### [Your assignment]
From the material beneath, pull every line with the word "image".

### [Material for this task]
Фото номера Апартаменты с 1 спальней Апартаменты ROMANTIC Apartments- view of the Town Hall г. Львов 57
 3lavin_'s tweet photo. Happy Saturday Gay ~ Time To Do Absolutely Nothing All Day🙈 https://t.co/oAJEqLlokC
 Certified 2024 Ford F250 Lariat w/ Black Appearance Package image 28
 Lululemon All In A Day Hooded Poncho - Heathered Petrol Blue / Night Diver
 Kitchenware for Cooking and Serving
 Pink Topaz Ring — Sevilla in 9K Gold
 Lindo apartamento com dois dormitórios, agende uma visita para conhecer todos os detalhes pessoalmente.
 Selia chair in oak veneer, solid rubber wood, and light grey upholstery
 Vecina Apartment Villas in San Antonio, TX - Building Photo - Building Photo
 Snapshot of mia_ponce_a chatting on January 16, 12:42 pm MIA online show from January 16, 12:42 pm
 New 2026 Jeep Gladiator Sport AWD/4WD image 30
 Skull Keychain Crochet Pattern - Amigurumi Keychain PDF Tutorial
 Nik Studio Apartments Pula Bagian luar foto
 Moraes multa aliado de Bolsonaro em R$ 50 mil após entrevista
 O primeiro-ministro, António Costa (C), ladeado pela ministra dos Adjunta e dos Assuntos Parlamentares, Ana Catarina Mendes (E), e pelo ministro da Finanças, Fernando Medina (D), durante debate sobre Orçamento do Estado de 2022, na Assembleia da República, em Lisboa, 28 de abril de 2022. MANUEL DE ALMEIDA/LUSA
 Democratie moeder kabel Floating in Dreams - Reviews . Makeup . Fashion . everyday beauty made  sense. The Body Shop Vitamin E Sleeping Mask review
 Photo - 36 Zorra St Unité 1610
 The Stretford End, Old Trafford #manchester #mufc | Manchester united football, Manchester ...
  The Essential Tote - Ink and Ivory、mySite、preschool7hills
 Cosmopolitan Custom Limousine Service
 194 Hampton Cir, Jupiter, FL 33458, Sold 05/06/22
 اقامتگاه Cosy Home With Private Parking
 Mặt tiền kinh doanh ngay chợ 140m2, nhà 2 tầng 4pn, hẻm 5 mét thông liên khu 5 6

### [Answer to this problem]
 Certified 2024 Ford F250 Lariat w/ Black Appearance Package image 28
 New 2026 Jeep Gladiator Sport AWD/4WD image 30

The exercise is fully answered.